Detailing his explanation to the expo audience, David Tumuhaise, the technical manager at Uganda Insurers Association (UIA), noted that the industry collects billions of shillings out of the policy and regretted if it was true that some policy holders fail to get compensation.
 
“It’s regrettable if companies deliberately decide not to compensate clients without convincing reasons; but in such cases, the remedy would be to front matters to our association administration or the Complaints Bureau of the Insurance Regulatory Authority,” he said.
 
It was not possible to establish the recent monetary worth of the premium collected by the local insurance companies; but in 2008, 263,753 vehicles bought the policy, totaling to sh5.9b.
 
However, during the year 2010, the total insurance premium (life and non-life) income written rose to sh239.9b from sh202.05b realised during 2009.
 
Tumihaise attributes most of the insurance woes to lack of public sensitisation; “some people don’t even understand how the policy is supposed to help them or what qualifies them for compensation,
 
And when they get involved in motor accidents, they either try to negotiate with the victim and compensate them or they pay the victim before they can have their vehicles released by police,” he said.
 
Speaking to Business Vision in an interview, Tumuhaise also expressed dissatisfaction that compensation under the Third Party policy is premised on outdated laws requiring an insurance firm to pay only sh1m per person or a maximum of sh10m per accident no matter how many people are involved in the same.
 
“Motor vehicle Insurance (Third Party Risks) Act of 1988 remains one of the most critical commercial laws that need expeditious amendment to align it to the current money market value dynamics,” he said.
 
What should you do after an accident?
Social compassion demands that you assist the victim to reach hospital if this is required. Report the accident to the Police and then ask your motor third party insurers to assist the victim. According to the Insurance Act, the victim cannot demand compensation from your insurance because the insurance has a contract with you not the victim.
 
All third party claims in respect of damages to property, death or bodily injury, the third party shall proceed against the owner of the car, or the driver and not the insurer, according to the insurance Act.
 
In payment of claims, the insurer compensates the affected individual with a sum of money equivalent to the value of property destroyed bearing in mind the excess that is always borne by the insured.
 
 
What you need to claim third party
Before processing a Motor Third Party insurance claim, there are documents one need to get.

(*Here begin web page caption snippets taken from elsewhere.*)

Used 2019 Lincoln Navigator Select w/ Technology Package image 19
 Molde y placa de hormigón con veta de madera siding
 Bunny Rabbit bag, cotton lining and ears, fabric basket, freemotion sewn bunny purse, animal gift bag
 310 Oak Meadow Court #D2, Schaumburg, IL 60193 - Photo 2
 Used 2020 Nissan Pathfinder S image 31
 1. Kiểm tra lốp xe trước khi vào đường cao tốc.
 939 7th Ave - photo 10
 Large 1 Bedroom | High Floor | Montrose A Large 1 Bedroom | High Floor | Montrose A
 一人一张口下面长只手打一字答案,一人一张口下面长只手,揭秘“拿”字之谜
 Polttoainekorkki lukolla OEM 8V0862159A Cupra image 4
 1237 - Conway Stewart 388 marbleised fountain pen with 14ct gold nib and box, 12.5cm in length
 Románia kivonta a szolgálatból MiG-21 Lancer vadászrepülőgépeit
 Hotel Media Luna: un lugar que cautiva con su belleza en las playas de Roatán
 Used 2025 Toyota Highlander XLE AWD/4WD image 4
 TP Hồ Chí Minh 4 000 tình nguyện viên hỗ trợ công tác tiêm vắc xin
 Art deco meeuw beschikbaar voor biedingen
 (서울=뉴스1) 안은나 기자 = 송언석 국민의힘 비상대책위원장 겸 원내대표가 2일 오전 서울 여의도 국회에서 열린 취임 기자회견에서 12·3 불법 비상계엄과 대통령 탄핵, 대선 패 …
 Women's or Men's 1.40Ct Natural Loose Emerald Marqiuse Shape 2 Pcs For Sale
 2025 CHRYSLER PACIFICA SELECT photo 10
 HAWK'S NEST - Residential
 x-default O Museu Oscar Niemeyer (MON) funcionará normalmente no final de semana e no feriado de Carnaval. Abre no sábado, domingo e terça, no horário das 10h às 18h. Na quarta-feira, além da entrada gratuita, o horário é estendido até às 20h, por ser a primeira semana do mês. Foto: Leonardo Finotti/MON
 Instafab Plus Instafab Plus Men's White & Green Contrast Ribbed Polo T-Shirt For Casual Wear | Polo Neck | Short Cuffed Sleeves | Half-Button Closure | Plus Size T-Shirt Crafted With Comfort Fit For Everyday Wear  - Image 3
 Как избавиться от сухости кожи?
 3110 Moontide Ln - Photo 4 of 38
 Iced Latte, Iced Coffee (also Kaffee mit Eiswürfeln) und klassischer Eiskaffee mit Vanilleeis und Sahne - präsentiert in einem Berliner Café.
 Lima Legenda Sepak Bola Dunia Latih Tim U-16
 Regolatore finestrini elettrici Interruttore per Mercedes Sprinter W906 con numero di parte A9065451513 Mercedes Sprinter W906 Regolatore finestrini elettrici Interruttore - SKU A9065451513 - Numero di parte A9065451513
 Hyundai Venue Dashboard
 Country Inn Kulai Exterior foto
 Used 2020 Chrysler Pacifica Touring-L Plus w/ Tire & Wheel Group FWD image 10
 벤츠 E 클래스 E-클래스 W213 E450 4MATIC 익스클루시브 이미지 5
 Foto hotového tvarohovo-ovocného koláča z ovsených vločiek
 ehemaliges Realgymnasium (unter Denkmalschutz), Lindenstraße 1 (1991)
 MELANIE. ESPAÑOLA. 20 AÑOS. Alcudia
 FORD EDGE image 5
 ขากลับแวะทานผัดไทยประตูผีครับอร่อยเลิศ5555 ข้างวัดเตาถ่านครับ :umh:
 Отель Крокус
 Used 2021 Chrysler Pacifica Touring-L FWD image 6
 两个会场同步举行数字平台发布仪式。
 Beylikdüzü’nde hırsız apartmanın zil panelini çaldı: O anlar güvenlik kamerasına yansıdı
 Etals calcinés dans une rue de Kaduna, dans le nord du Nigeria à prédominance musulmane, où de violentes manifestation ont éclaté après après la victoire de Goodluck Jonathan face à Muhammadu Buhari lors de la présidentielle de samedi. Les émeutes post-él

A Police Abstract Report to prove that an accident actually occurred and the claimant was the real victim of the accident.
 
A Death Certificate in case the accident victim dies. The certificate bears the cause of the accident.
 
A letter from the Chairman of the Local Council and letters of administration. These serve to introduce the victim especially when he has no recognised identification. Letters of administration serve the purpose of ensuring that the administrator of the estate of the deceased is the person supposed to be paid.
 
In the case of non-fatal accidents, a medical report and medical bills may be required to ascertain the medical expenses incurred by the victim.
 
Insurance certificate as proof that the insured entered into a contract with the insurance company, among others.